Germany had some 12 million forced workers during World War II
Though their numbers are dwindling, there are still about 1.7 million people who were forced to work in German companies during the Nazi regime and who could receive up to €7,600 ($9,838) from the four-year-old, €5.12-billion Remembrance, Responsibility and Future Foundation, equally financed by the German government and an organization of German businesses.
"We expect the payments to come to a close by the end of the year," the foundation's director said last week, ahead of the start of a series of ceremonies commemorating the 60th anniversary of Germany's defeat in 1945.
Funds still available
So far €3.84 billion have been paid to about 1.63 million forced laborers or their descendants, and about 500,000 claims have been denied. There are about €387 million in interest still available. In exchange for the payments the companies that participated in the organization received protection from further legal action.
"The leading German industrials owe forced laborers because they were worked to death," said Benjamin Ferencz, one of the prosecutors in the Nuremberg War Crimes Tribunal in 1945. "One of the labors told me 'We were treated worse than slaves, you try to keep slaves alive. We were like sandpaper: used, thrown away and burnt with the garbage.'"
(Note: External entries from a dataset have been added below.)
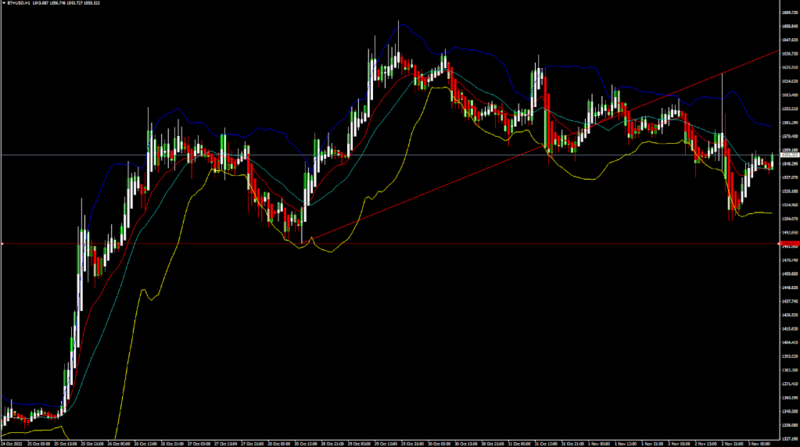 FXOpen Daily Analytics forex and crypto trading - Page 14 ETHUSD-3112022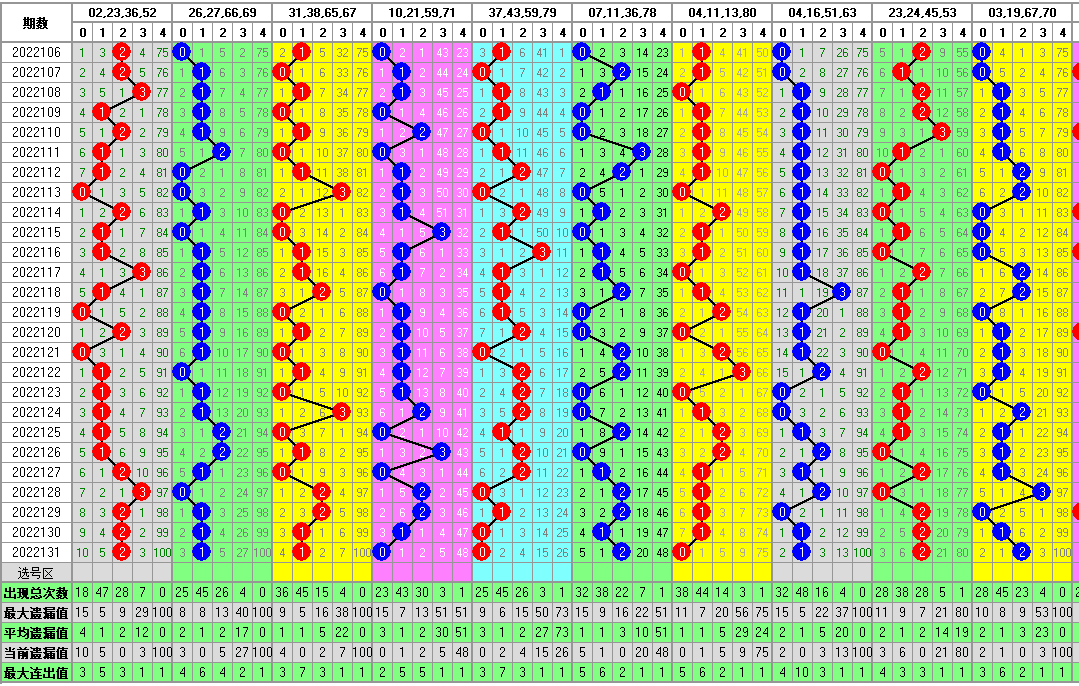 内部免费一肖一码,专业建议解答解释方案_可控款8.131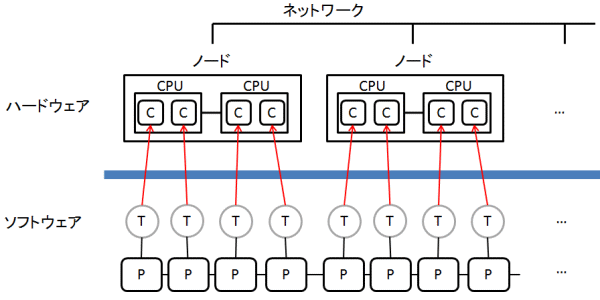 図2　プロセス並列処理の概念（凡例は図1と同じ）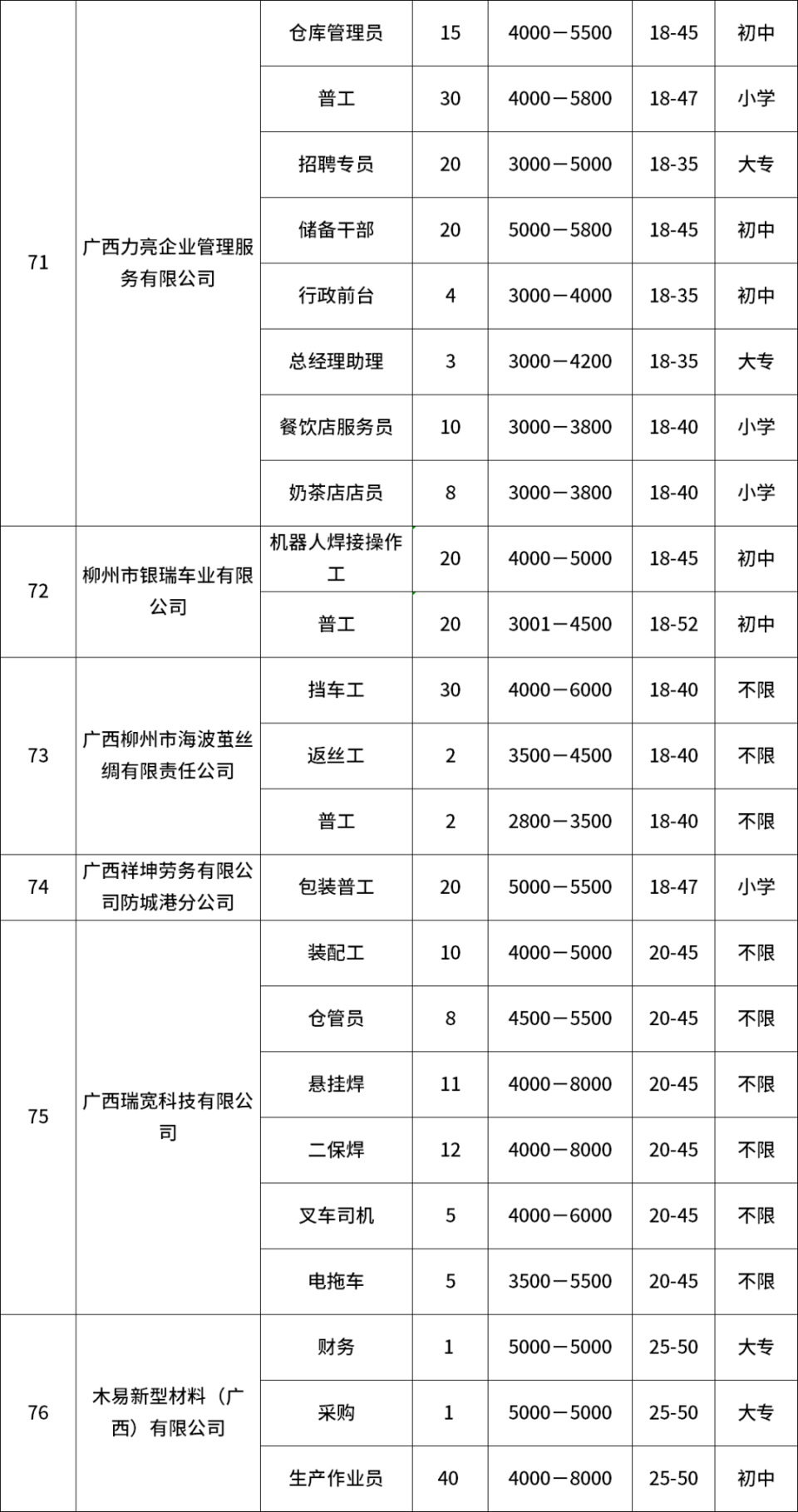 国内精品自线2021芒果:最新滚齿师傅急招聘,国内精品自线2021芒果，最新滚齿师傅急聘——行业现状、技能需求与职业发展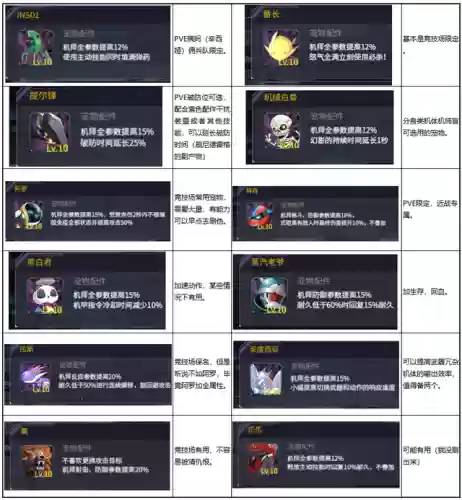 卡牌手游机动战队阵容(机动战队平民推图阵容)插图10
Firms profited from slave labor
Though the Nazi regime lost the war, German companies profited from slave labor. German industrial wealth was 17 times larger after the war than in 1939, according to economic historian Dietrich Eichholz.
Adolf Hitler speaks at the opening ceremony of the Volkswagen car factory in Fallersleben, Lower Saxony, May 26, 1938.
In order to keep up production from 1939 to 1941, as more and more men were being called up for military service, German companies needed 1.2 million workers, and they came in the form of forced laborers. In all, there were about 12 million people taken from German occupied territory to serve as forced laborers during the World War II.
For decades the companies' executive boards got around paying victims compensation by saying they were compelled to use slave labors. That, in turn, makes the German government, not the businesses themselves, responsible for remuneration.
Courts raise pressure
Pressure built up in the 1990s after class-action suits were filed in the United States against a number of large German firms, including BMW, Daimler-Benz, Deutsche Bank, Siemens and Volkswagen -- all companies that played important roles in the Holocaust, according to New York lawyer Edward Fagan.
There were billions at stake for the companies involved in the law suits, as well as an immense public relations problem. To solve those problems the companies set up the Remembrance, Responsibility and Future Foundation with the government.
"I have recently spoken with about 20 forced laborers from Poland, and the reaction is very positive," said Michael Jansen, who was the foundation's head until the end of last year. "For many of the older people who are living on very limited means, this is like a lotto win, and they are very glad that we are helping them."